Each line of the data below between the one containing "This image shows" and the one containing "Slide: The Image", both included, is to be repeated exactly. Please omit pictures.

Start of DATA SHOWN

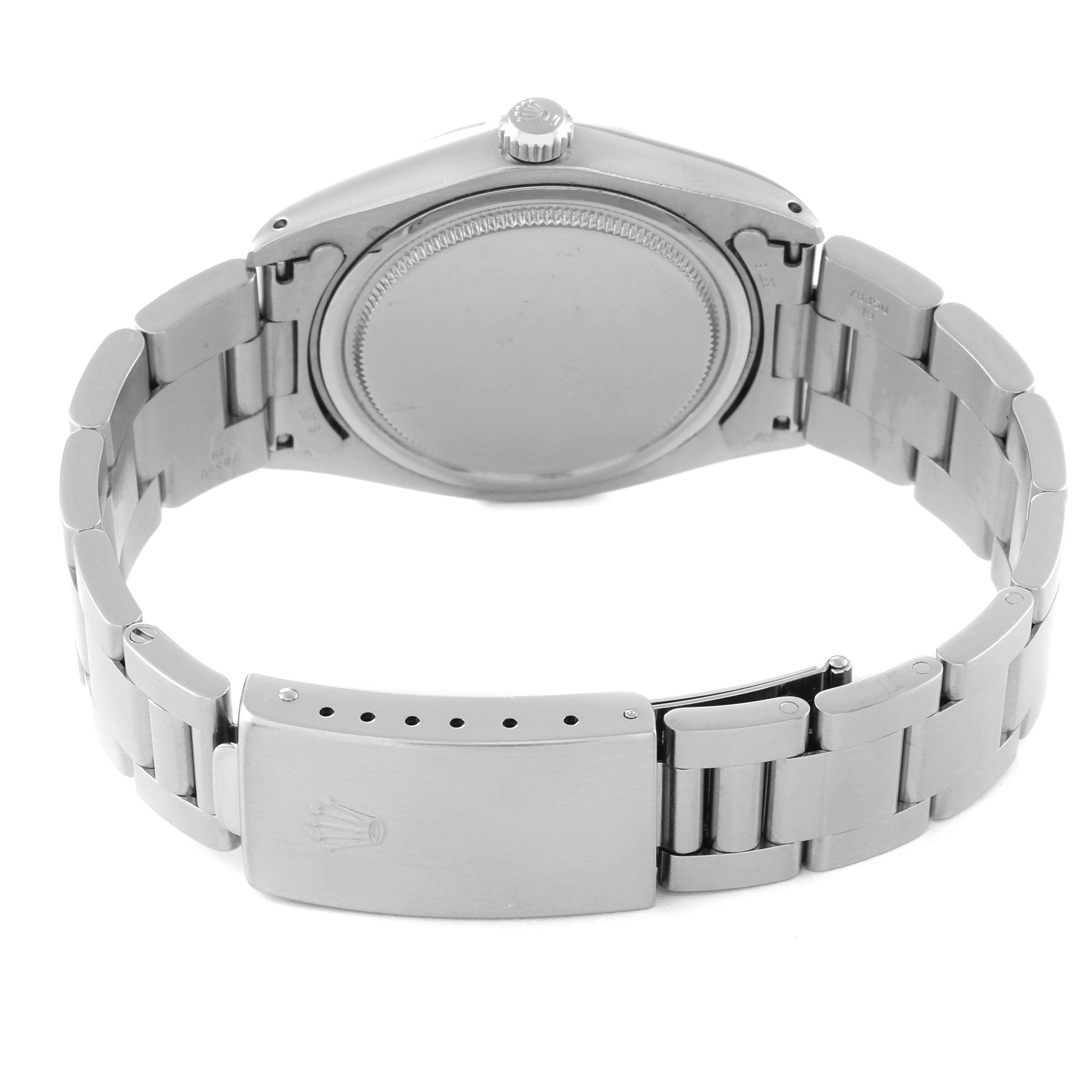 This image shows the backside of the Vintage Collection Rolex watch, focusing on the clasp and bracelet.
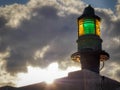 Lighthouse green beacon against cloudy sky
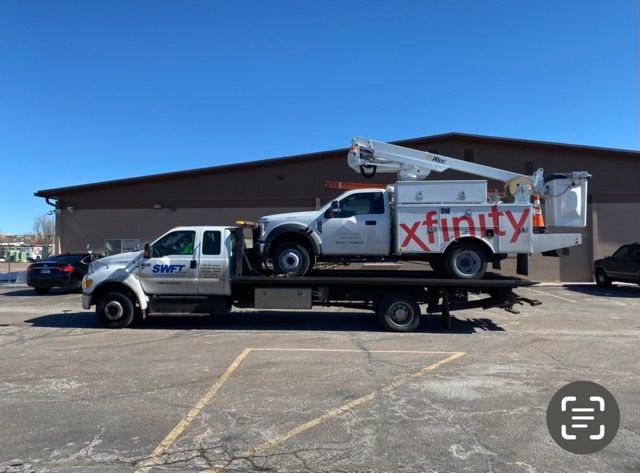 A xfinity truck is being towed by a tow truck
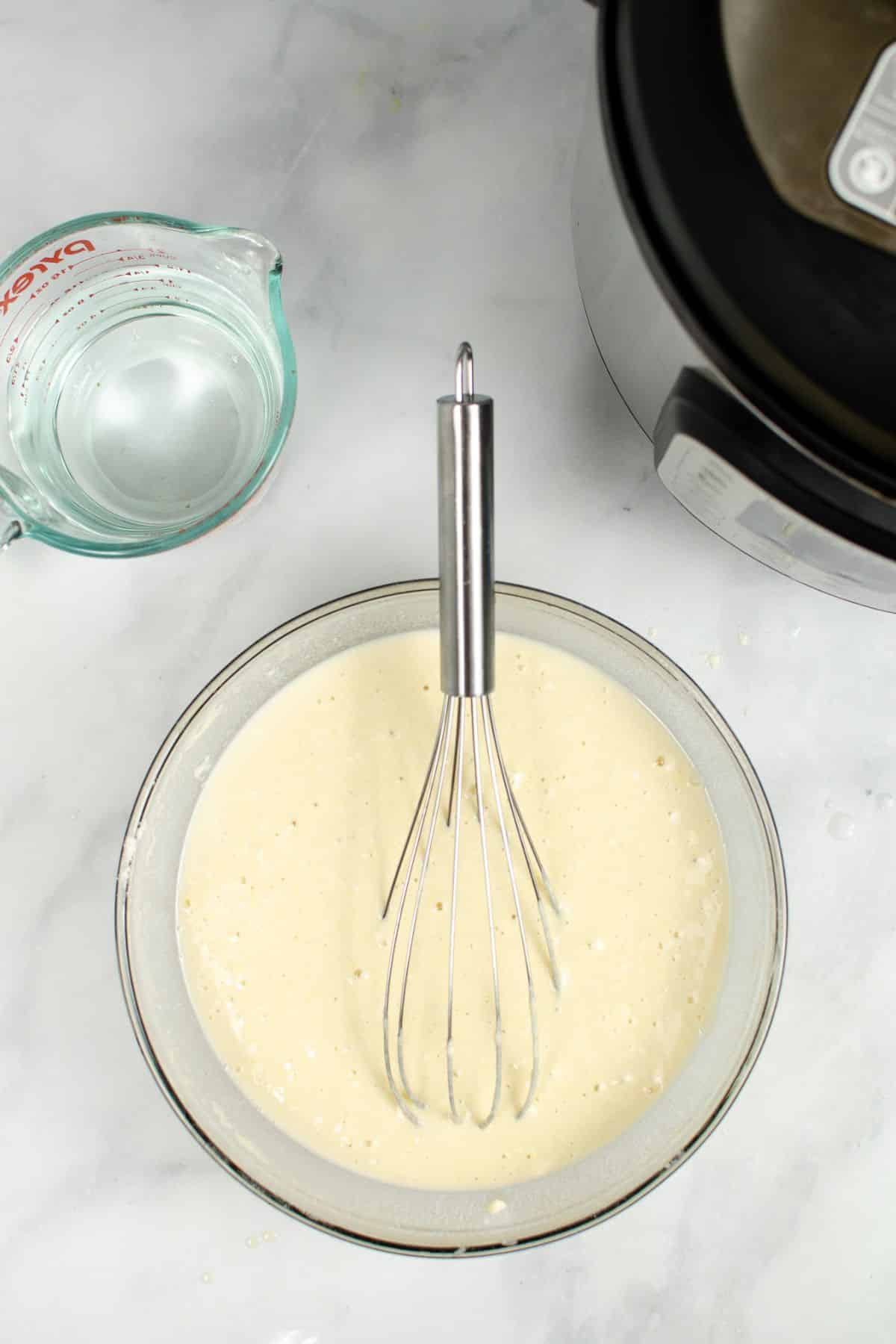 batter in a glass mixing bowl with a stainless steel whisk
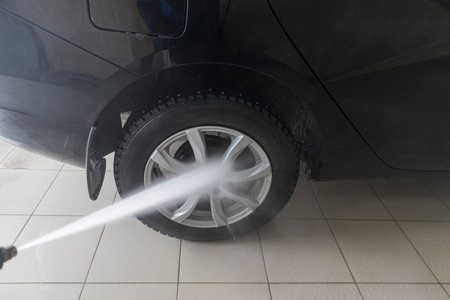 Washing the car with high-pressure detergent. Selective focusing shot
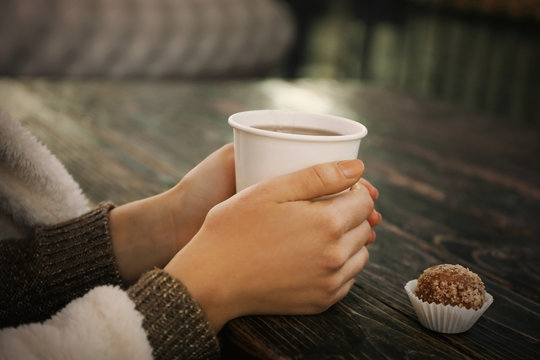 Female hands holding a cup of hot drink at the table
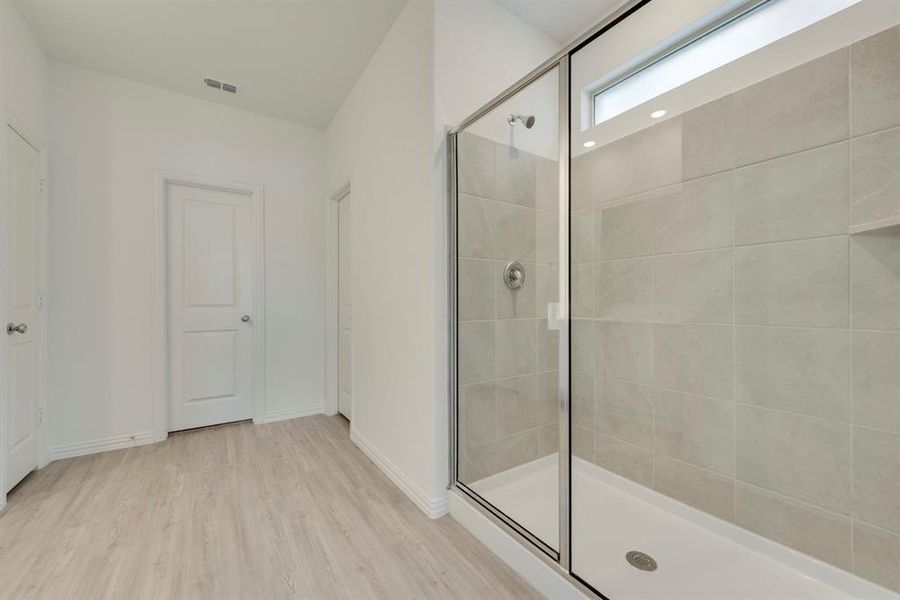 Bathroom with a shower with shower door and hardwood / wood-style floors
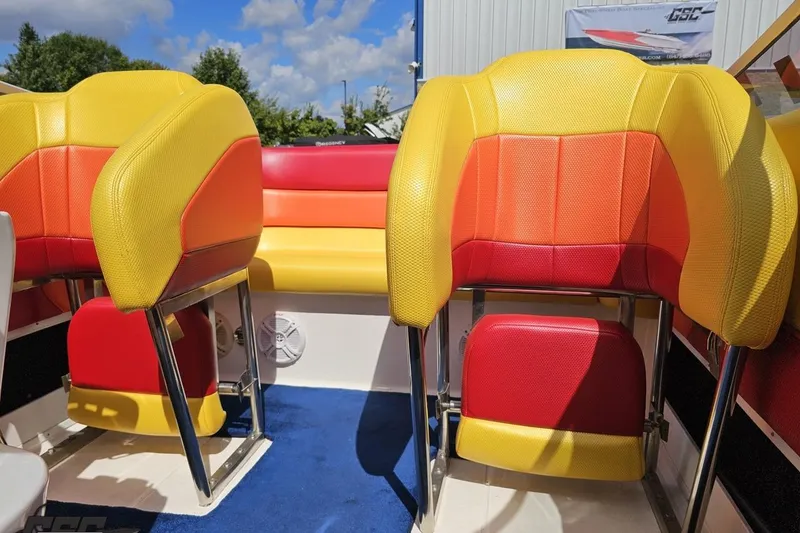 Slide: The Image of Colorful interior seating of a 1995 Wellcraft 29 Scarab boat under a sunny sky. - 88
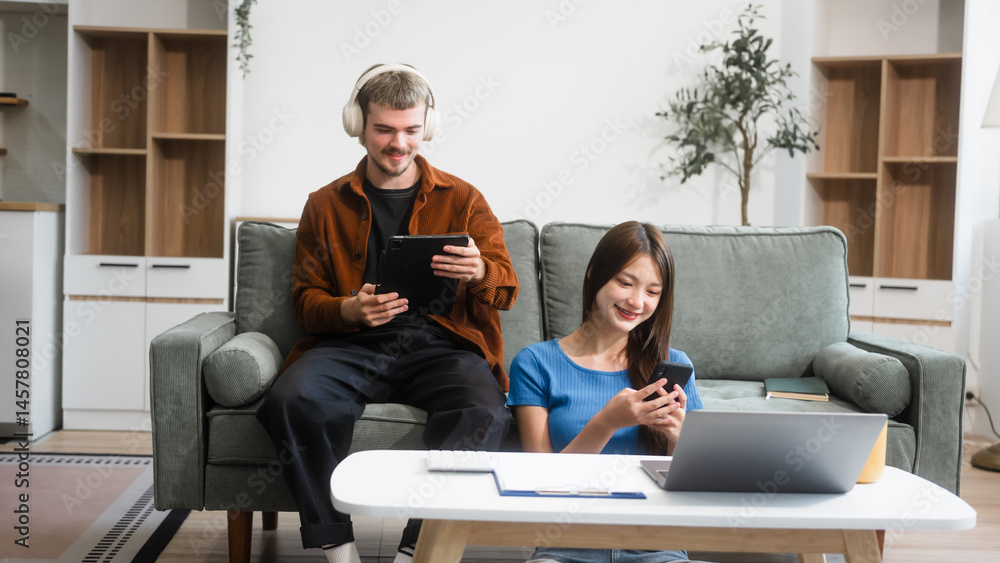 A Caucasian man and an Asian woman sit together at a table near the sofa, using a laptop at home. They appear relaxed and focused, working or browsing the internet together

End of DATA SHOWN
Start of DATA SHOWN

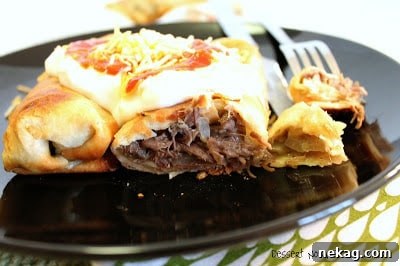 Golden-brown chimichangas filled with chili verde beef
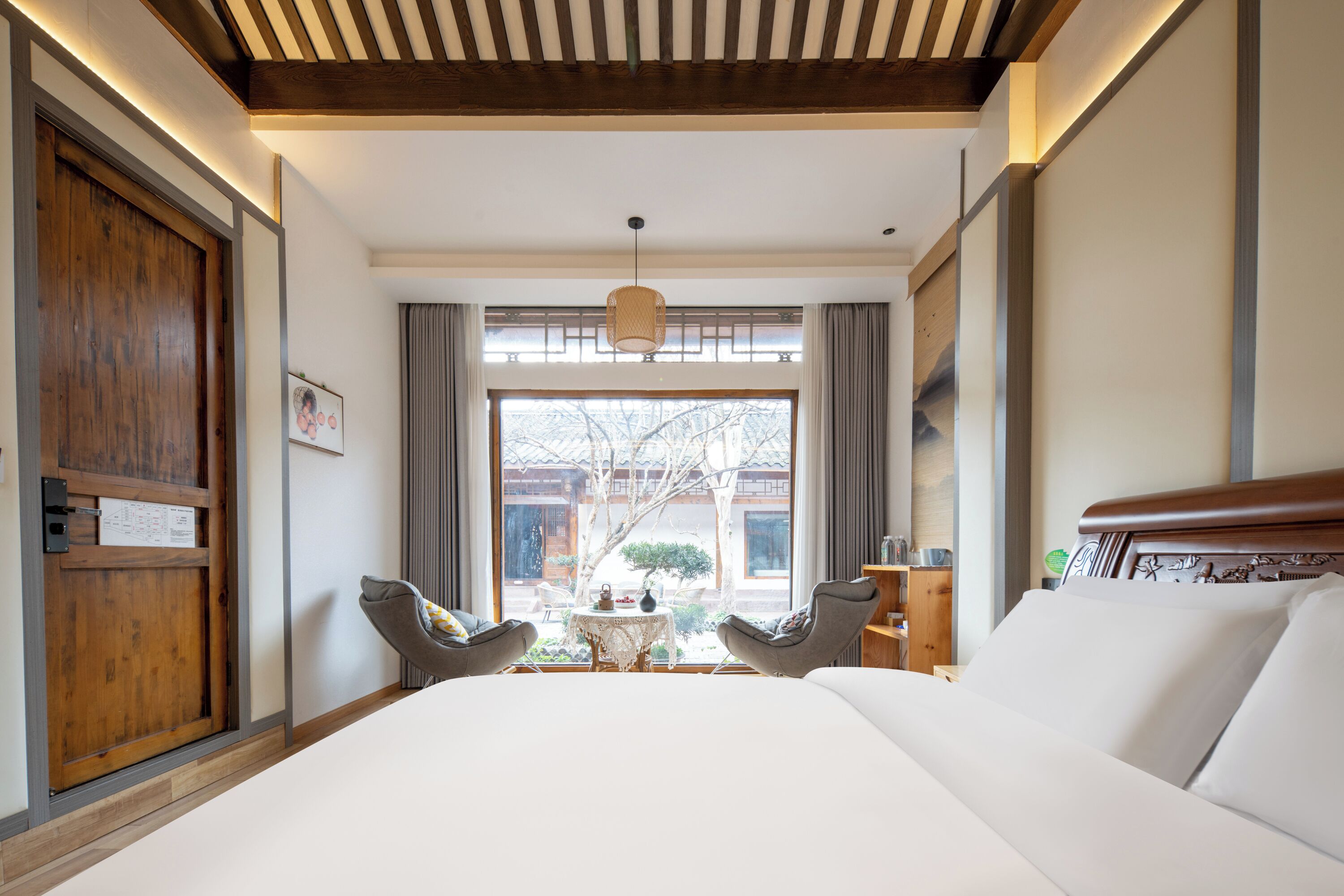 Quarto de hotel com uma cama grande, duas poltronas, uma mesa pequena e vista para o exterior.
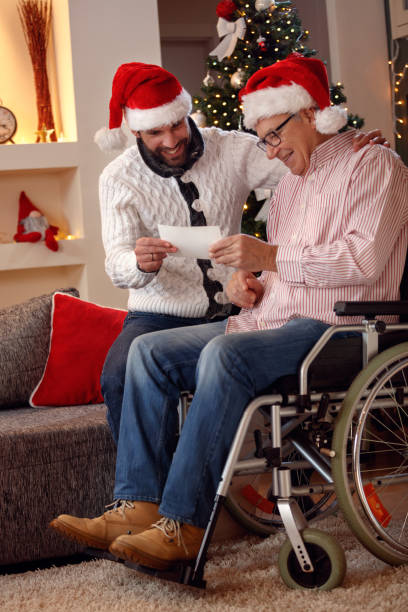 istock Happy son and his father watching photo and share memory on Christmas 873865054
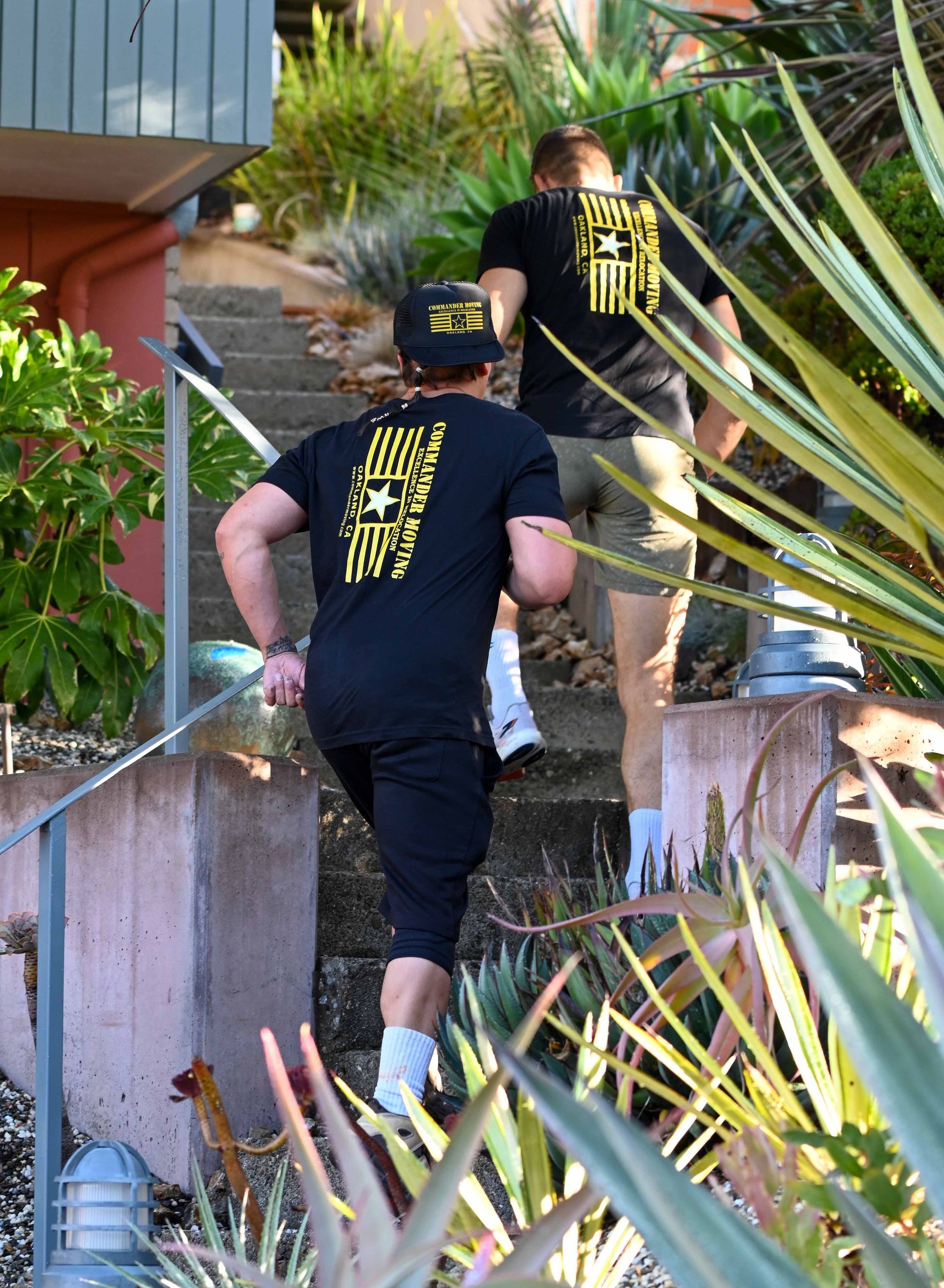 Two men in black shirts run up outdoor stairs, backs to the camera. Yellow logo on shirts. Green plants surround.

End of DATA SHOWN
Start of DATA SHOWN

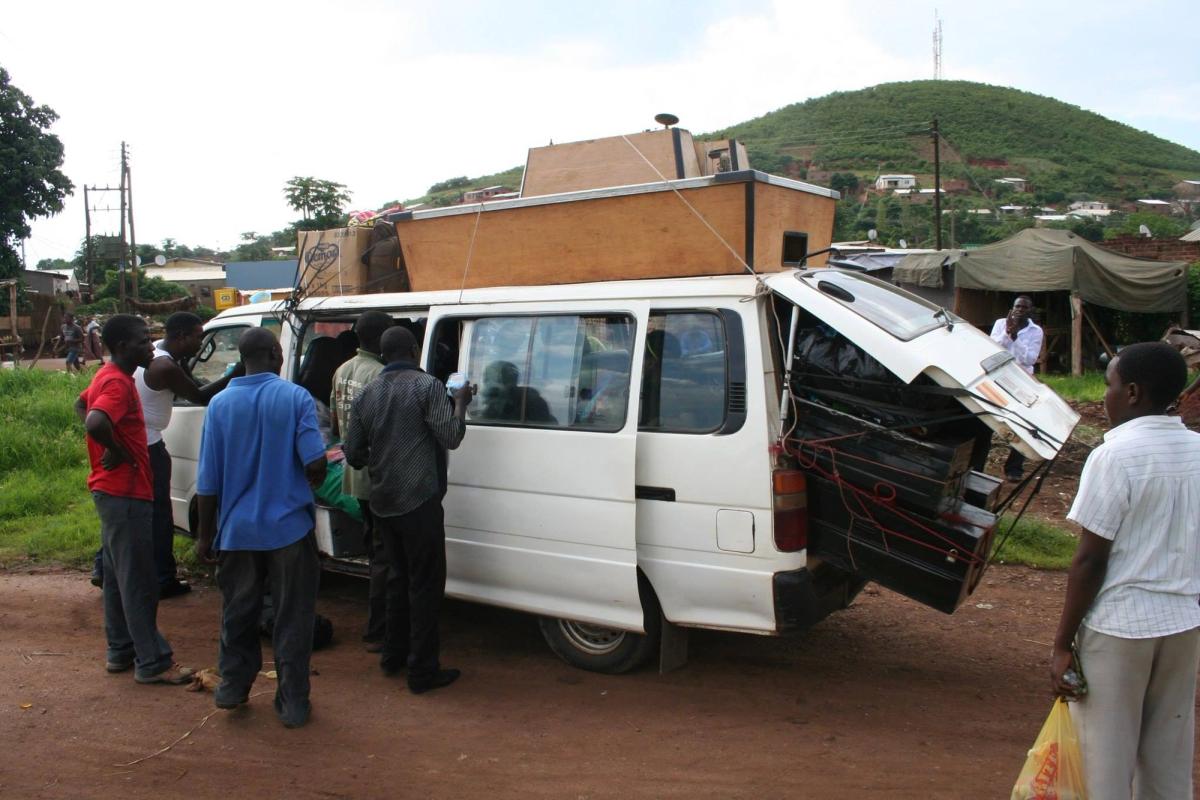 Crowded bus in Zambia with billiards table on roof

End of DATA SHOWN

■ RESPONSE BOX
 This image shows the backside of the Vintage Collection Rolex watch, focusing on the clasp and bracelet.
 Lighthouse green beacon against cloudy sky
 A xfinity truck is being towed by a tow truck
 batter in a glass mixing bowl with a stainless steel whisk
 Washing the car with high-pressure detergent. Selective focusing shot
 Female hands holding a cup of hot drink at the table
 Bathroom with a shower with shower door and hardwood / wood-style floors
 Slide: The Image of Colorful interior seating of a 1995 Wellcraft 29 Scarab boat under a sunny sky. - 88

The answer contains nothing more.